Continuavo a sentire
Continuavo a sentire con brevi pause i loro lamenti.
K. protendeva in avanti, stretta da quelle grosse mani sembrava spezzarsi. Sentivo rimbombare l’eco del sangue che mi pulsava nel cervello, le luci guizzavano come bagliori, davano un’impressione terribilmente sensuale.
La spossatezza mi schiacciava, sotto il peso di un altro corpo non riuscivo più a sostenere le braccia. A poco a poco precipitavo, sempre più indolente, come se mi disfacessi.
Pregavo che l’alito caldo del Maestro Doi mi prendesse in mezzo alle gambe, ma si incanalava e rimaneva fermo, a ristorarsi con i piccoli ruscelletti che il lavoro operoso dei membri aveva ammonticchiato.
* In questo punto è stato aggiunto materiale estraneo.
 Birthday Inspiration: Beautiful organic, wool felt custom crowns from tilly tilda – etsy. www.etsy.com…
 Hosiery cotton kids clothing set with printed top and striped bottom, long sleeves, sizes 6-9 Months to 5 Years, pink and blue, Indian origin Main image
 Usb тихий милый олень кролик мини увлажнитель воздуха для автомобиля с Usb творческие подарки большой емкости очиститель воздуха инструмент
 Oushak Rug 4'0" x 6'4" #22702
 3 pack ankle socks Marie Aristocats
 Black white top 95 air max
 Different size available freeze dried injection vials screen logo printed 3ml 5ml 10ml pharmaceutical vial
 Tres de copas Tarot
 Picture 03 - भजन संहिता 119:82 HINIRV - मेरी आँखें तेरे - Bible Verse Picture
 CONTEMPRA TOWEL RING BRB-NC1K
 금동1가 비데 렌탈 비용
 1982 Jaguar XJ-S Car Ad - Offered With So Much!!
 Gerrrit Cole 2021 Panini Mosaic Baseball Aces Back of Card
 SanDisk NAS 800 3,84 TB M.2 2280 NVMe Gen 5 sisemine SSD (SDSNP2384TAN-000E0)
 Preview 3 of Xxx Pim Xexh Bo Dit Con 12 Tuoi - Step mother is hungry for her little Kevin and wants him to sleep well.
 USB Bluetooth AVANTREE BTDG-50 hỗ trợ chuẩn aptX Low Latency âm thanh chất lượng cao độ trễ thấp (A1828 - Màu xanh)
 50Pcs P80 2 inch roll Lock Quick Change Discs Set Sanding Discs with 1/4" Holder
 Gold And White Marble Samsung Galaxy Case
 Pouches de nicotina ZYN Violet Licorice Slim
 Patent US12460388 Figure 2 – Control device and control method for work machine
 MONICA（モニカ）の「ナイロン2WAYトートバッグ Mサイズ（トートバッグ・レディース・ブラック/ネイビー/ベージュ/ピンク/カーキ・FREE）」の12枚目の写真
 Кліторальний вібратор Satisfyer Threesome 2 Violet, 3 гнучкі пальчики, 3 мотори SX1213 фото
I corpi odorosi erano pregni di una forza latente. Rina, inginocchiata, è stata riportata indietro, rivoltata come un fazzoletto e pesantemente trascinata su un letto. Incapace di contemplare l’andirivieni di ciascuno, attraverso la seta rigida che ne avvolgeva gli occhi, Rina restituiva il languore dal respiro sollevando cupamente il petto. Si crogiolava nell’incertezza dell’uomo che gettava l’amo nel suo involucro gemente, mantenendo tuttavia il suo sguardo muto e altrove e chino, destinato all’uomo che nel frattempo rifluiva a temporale con parole d’ordine.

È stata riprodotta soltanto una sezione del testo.